Obviously there are plenty of novelists out there to discover, but somehow it surprised me that Jane Hamilton hadn’t shown up on my radar-screen earlier. The SF Chronicle said that with Map of the World she, “removed all doubt that she belongs among the major writers of our time,” for goodness’ sake. It’s right there on the cover.
The first book of hers delivered to me by my mother was the Book of Ruth. I’d been burned earlier in the year by another novel set in a rural community featuring a narrator whose faculties were less than stellar (I’m dreading writing about Icy Sparks, an OPRAH BOOK CLUB book - oy - but will get to it sooner or later). In fact, Icy Sparks marred by enjoyment of much of …Ruth. Eventually I found myself talking about it a whole lot. The sense of dread that built and built was just so intense! I had to take breaks from reading. I complained that it was going to end horribly, that I would be so depressed by the foreseeable catastrophe.
Part of me is extremely fatalistic; sometimes I identify as a nihilist but I am constantly on the lookout for excuses to invest my energy in hope. I love being on the side of extropy, but know in my heart that nothing can ultimately stop entropy. The ending of …Ruth does not involve an eye-roll-worthy deus ex machina at all, but it does provide sparkles of salvation. Is that too cheesy? The book is NOT cheesy.
I was so excited about Jane Hamilton after finishing her first book that I requested a whole bunch of her work from my local library branch. Map of the World, which I read second, has very intelligent and educated narrators and a much broader scope than …Ruth. It also investigates family life, death and mourning, upheaval and survival, small town politics and love. This might be Hamilton’s masterpiece, but I haven’t read everything she’s written, and thankfully she’s still producing novels!
Laura Rider was a bit lighter, self-consciously so, but enjoyable. It’s fun and sexy compared to her other books, with lower stakes, to say the least. Last summer I spent 5 days in Freeport, Illinois for the wedding of two of my best friends so Hamilton’s settings right around that Wisconsin/Illinois border are familiar to me in a way they wouldn’t have been had I read her books earlier.

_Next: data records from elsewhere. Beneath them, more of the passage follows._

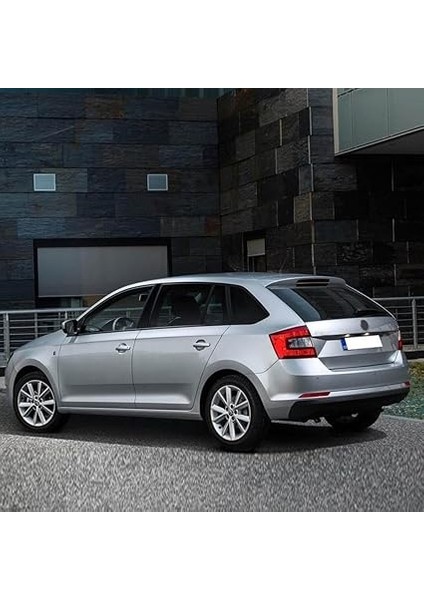 Bagaj Amortisörü Pistonu 5JJ827550C Skoda Rapid Spaceback ile Uyumlu 2013-2021 fiyatları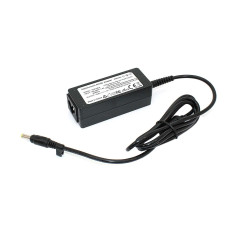 OEM блок живлення для ноутбука HP YDS-020A — 21 Вт, 18.5 В / 1.1 А, штекер 4.8×1.7 мм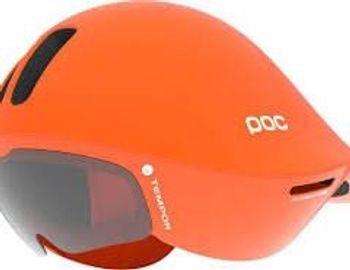 Used POC Helmet 2023 bike — image 1 of 3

The Short History of a Prince dives into the dramas of high school (both in flashback and in the present as the narrator re-lives his high school memories through his new career as an English teacher) and ballet, which are not explored in Hamilton’s other books and I found it to be engrossing and sympathetic. I look forward to following Jane Hamilton’s career and am really thrilled to have her writing in my life.